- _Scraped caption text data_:
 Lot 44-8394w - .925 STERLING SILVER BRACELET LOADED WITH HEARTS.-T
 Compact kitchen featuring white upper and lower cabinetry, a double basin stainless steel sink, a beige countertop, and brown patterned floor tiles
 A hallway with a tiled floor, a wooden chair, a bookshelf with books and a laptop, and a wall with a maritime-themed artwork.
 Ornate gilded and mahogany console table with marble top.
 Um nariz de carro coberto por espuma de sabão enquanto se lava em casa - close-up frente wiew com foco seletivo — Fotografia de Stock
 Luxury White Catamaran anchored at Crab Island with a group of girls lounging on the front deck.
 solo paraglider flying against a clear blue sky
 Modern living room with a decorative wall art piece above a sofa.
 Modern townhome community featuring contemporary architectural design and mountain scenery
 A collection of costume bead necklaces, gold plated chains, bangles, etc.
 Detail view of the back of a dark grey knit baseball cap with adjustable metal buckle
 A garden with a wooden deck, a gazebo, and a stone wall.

- _Aim of the task_: Return exactly, and only, the lines above starting at the line that contains "Luxury White Catamaran" and ending at the line that contains "Modern living room".

- _Written answer_:
 Luxury White Catamaran anchored at Crab Island with a group of girls lounging on the front deck.
 solo paraglider flying against a clear blue sky
 Modern living room with a decorative wall art piece above a sofa.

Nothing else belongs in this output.